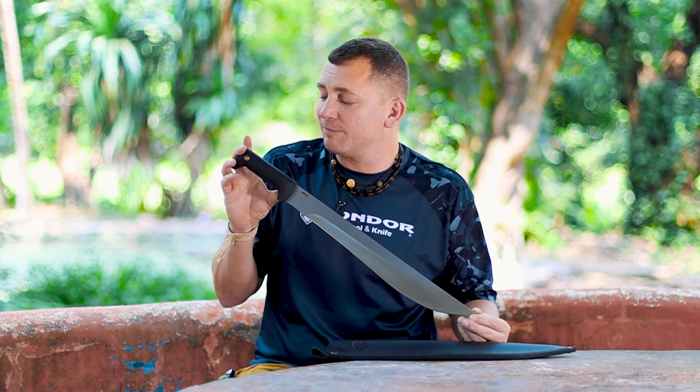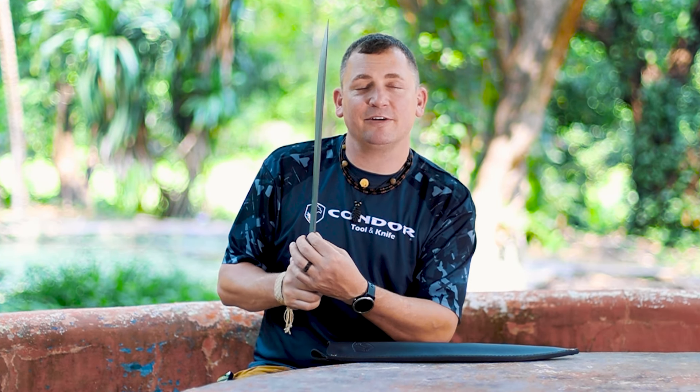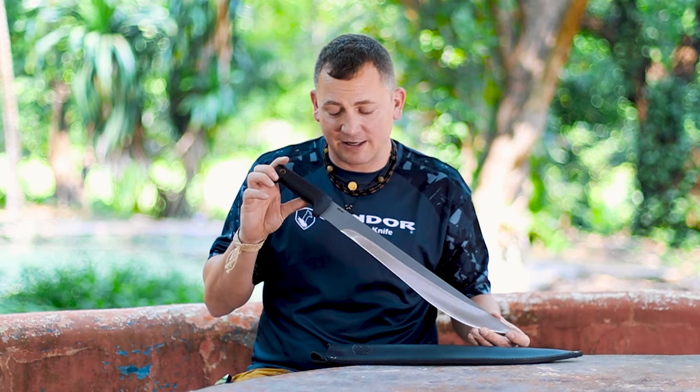With the full high-impact polypropylene handle, where the tang comes all the way back, 2.5mm thickness, and an 18-inch 1075 high-carbon steel blade.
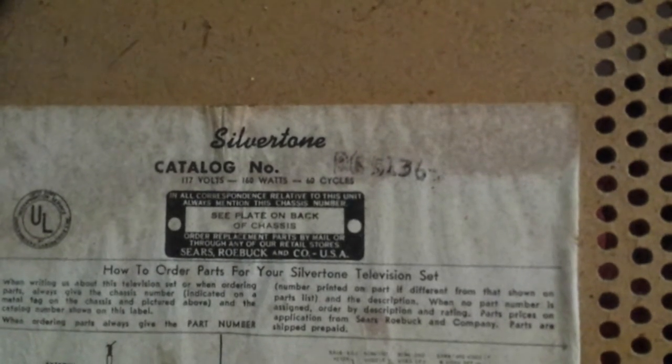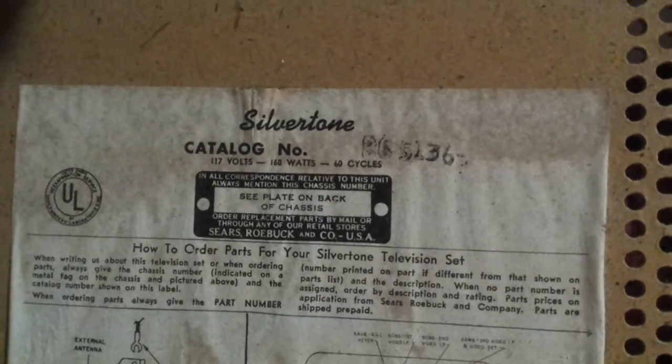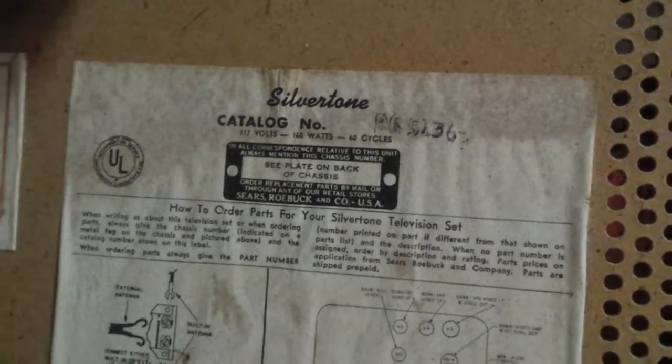If anybody has any insight — this is a Silvertone, let's see what the catalog number is — looks like BG 5136, maybe BC 5136. It's driving me up the walls; I want to get this thing back together. Got a good strong CRT, just won't sync up. I'm going to dig into it a little further — any of you got any ideas, let me know. I always appreciate the help. Thanks for watching, more to come soon.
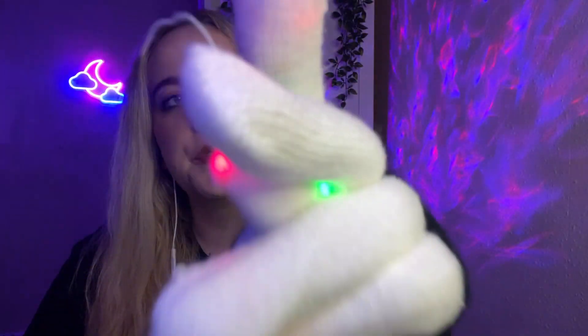Okay. And finally today, do you think I'm going to use a light glove? Or do you think I'm going to do the lighthouse trigger? The light glove or the lighthouse trigger? Ready? I chose the light glove. The light glove.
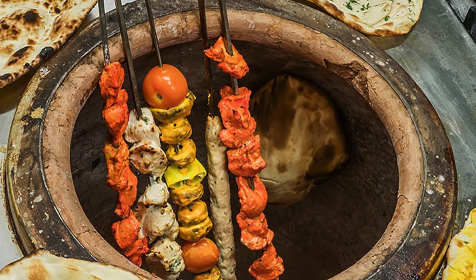As a food enthusiast, I was always fascinated by the way a tandoor works. The flavor it gives to the food is unbelievably tasty.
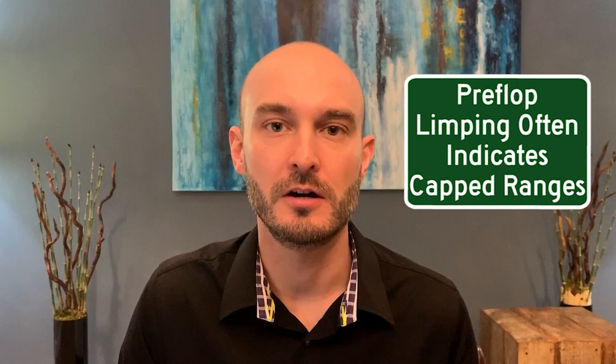One of the most common spots you'll see this is preflop. When you see people limp into the pot or call after other callers, a lot of times it means that they don't have any strong hands. And this is at the heart of one of our moves, especially in tournament play — attacking limpers.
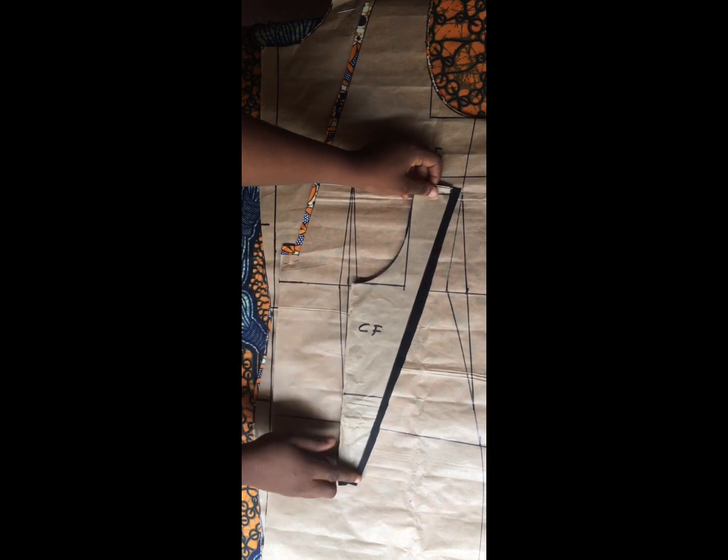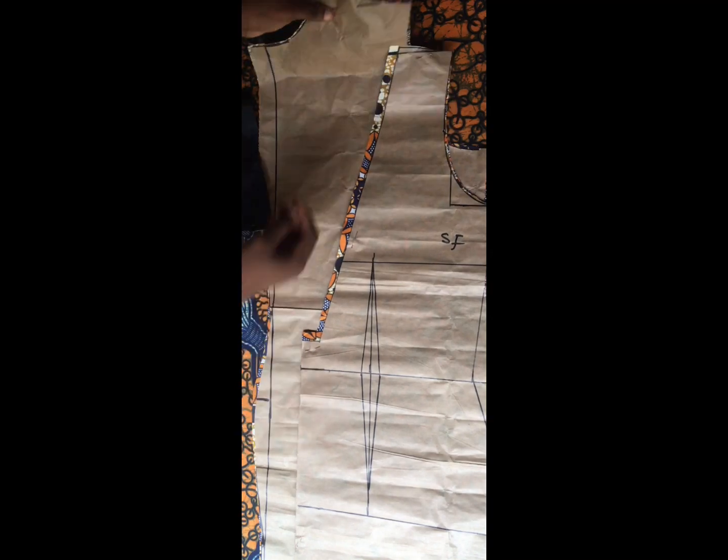Here are the fabrics I'm working with. I went ahead to cut out my already drafted piece on the actual fabric. For this part — the crepe — I added half an inch for my joining allowance, and I did the same for the side front. For the back I didn't add any extra joining allowance because every allowance was added while drafting. I then unpin this to separate my paper from the fabric and start joining all the pieces together.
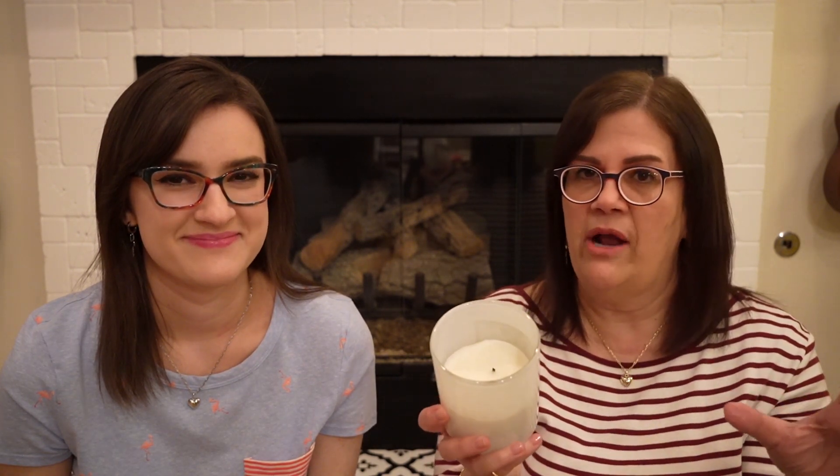Another one that's really good, which we discovered pretty recently, is from Target — the Threshold brand. Really good price, smaller candles. This little white jar, the 11 ounce, is $5, and I think there's a 22 ounce for $10. The only thing I would say about the Target ones is they probably don't smell as strong — a little lighter in smell. I do have another one that didn't burn quite as evenly, where I had some wax on the side. But I still would recommend these.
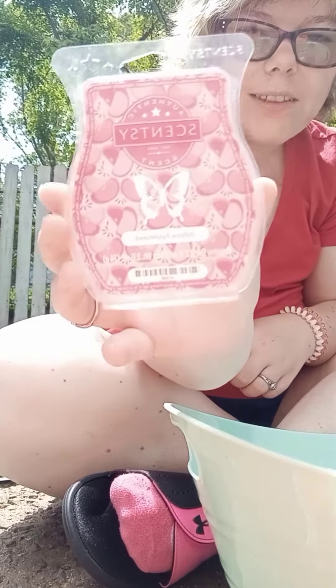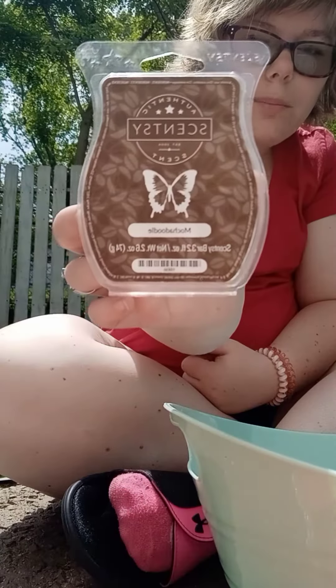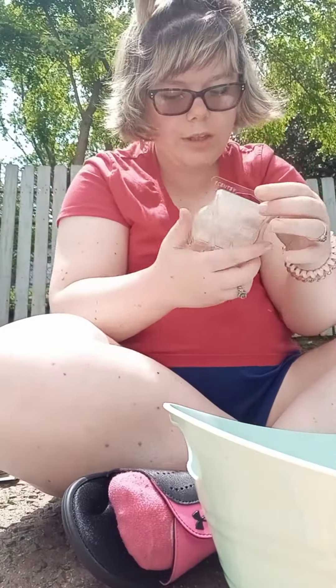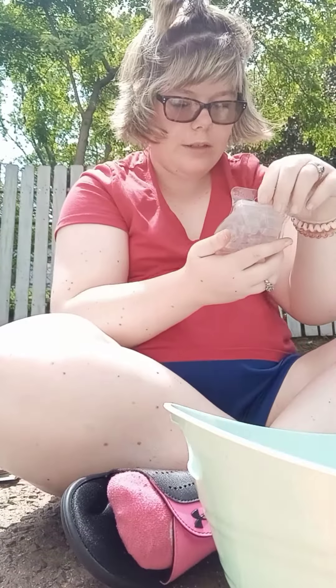So now the wax bars — we used Johnny Appleseed wax bar, we used Mocha Doodle wax bar, smells amazing y'all. We used Piña Colada Cha Cha wax bar, that's another one I recommend especially for the summertime. Johnny Appleseed smells like fresh peeled apples, that's another favorite.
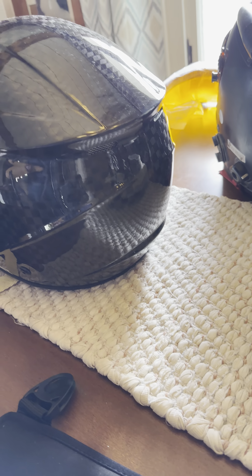But yeah, just trying to show you the helmet — good looking helmet. That front release is a big one for me. Yep.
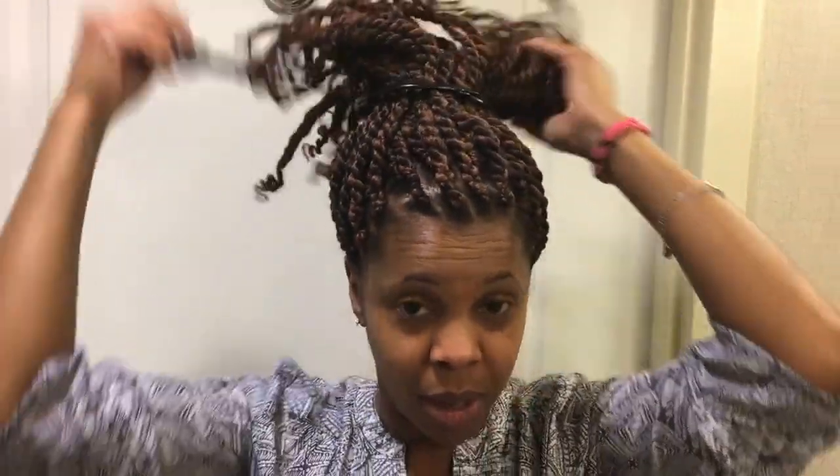and take the Goody Headband. That way I have my hands free and I can get the Puff Cuff in and take the Goody Headband out. This technique works with braids, twists, and locks.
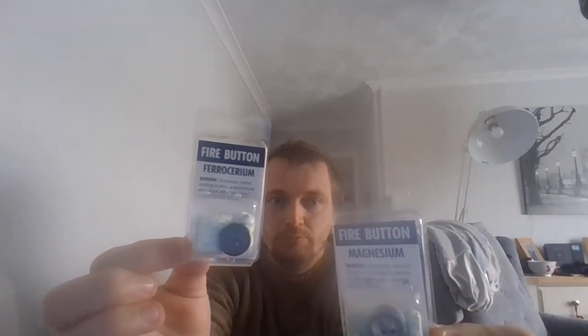It took me months or weeks to find it, and then when I did, I got it. I cannot leave a link because I don't have one — I can't find one anymore. And that is these. This one is a magnesium fire button. This one here is a ferrocerium button.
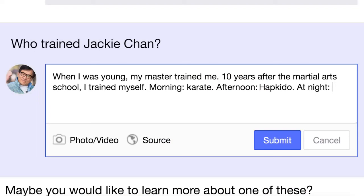I train myself, kiddo, at night, boxing, middle of the night. So this is why I can live 80 years old, looks like 60.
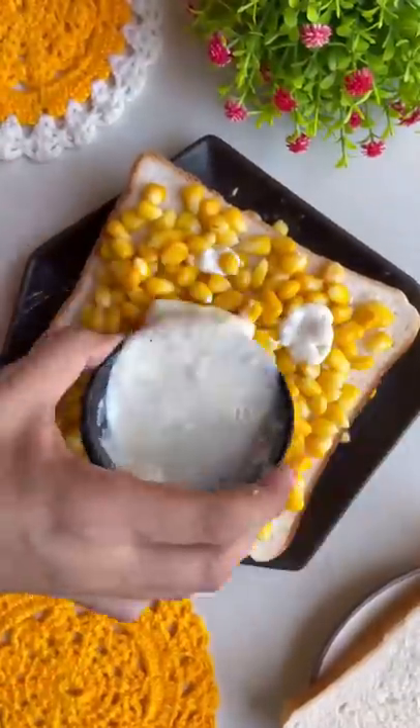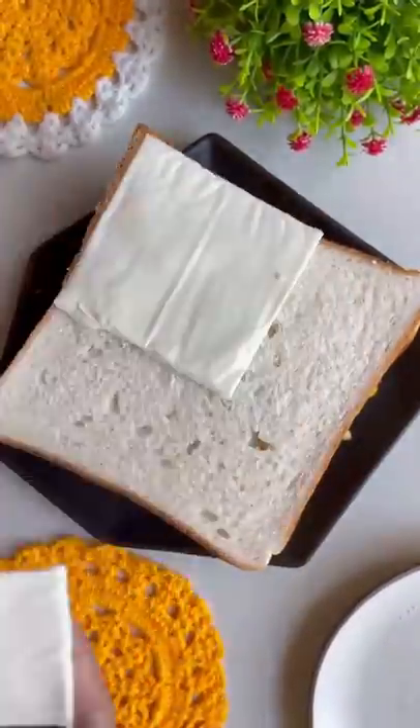Then add corn. Then add cheese sauce. Then add another bread. Then add another cheese sauce.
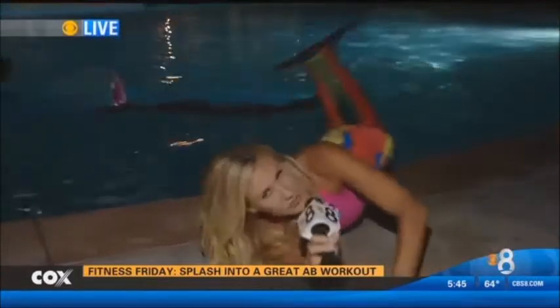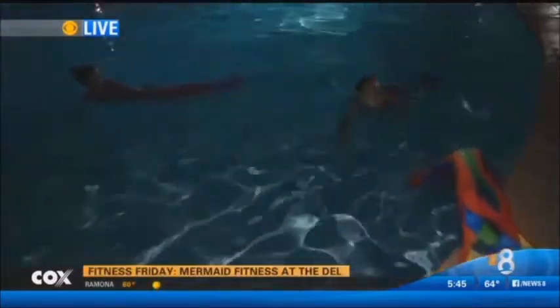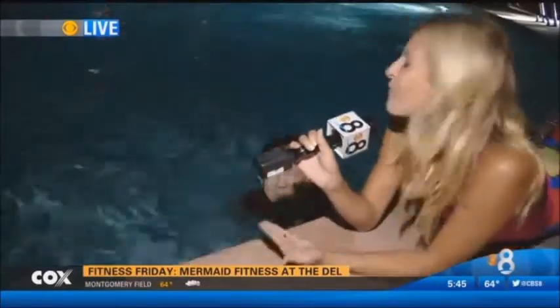Hey Ashley, good morning! Most of the workout for me so far was just getting this tail on. Right now I still kind of feel like a fish flopping around, but I'm going to get the hang of it and let you all know how you can do it. We're gonna get Veronica over here because she is a seasoned mermaid and a fitness instructor here at the Dell.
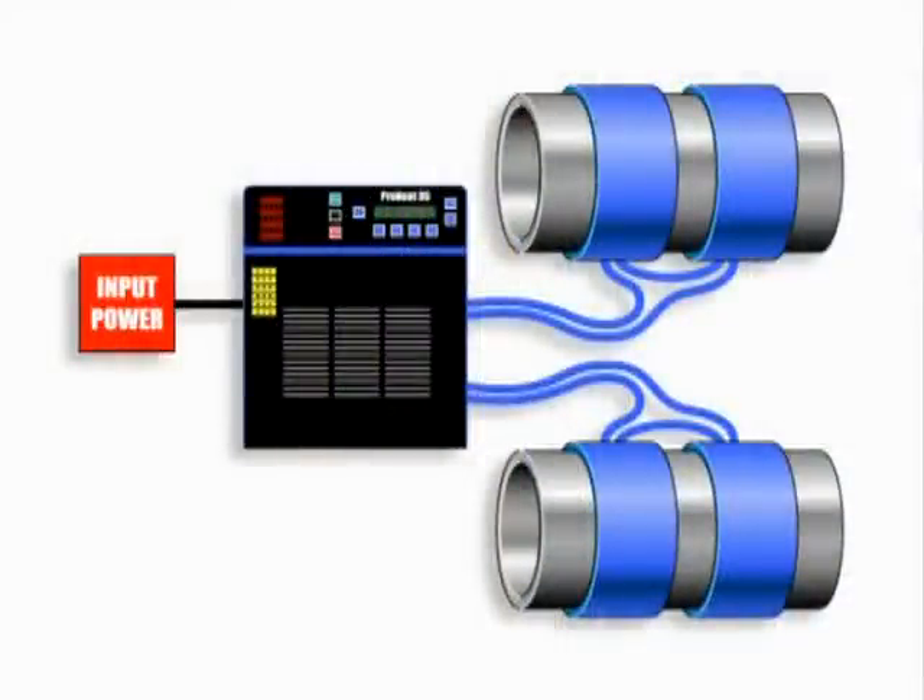A series parallel blanket arrangement is used to preheat very long joints, or to preheat two pipes at the same time. It requires four equal size blankets, two equal length extension cables, and two series adapter cables attached to a single ProHeat power source. In this arrangement, the output power from the power source is divided equally between the four blankets.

++++++++++++++++++++

### WHAT NEEDS TO BE DONE:
The reply should hold the lines from the top of the records through the line containing "One of the most", reproduced exactly, and no pictures.

### EXERCISE OUTPUT:
With the full high-impact polypropylene handle, where the tang comes all the way back, 2.5mm thickness, and an 18-inch 1075 high-carbon steel blade.
If anybody has any insight — this is a Silvertone, let's see what the catalog number is — looks like BG 5136, maybe BC 5136. It's driving me up the walls; I want to get this thing back together. Got a good strong CRT, just won't sync up. I'm going to dig into it a little further — any of you got any ideas, let me know. I always appreciate the help. Thanks for watching, more to come soon.
Okay. And finally today, do you think I'm going to use a light glove? Or do you think I'm going to do the lighthouse trigger? The light glove or the lighthouse trigger? Ready? I chose the light glove. The light glove.
As a food enthusiast, I was always fascinated by the way a tandoor works. The flavor it gives to the food is unbelievably tasty.
One of the most common spots you'll see this is preflop. When you see people limp into the pot or call after other callers, a lot of times it means that they don't have any strong hands. And this is at the heart of one of our moves, especially in tournament play — attacking limpers.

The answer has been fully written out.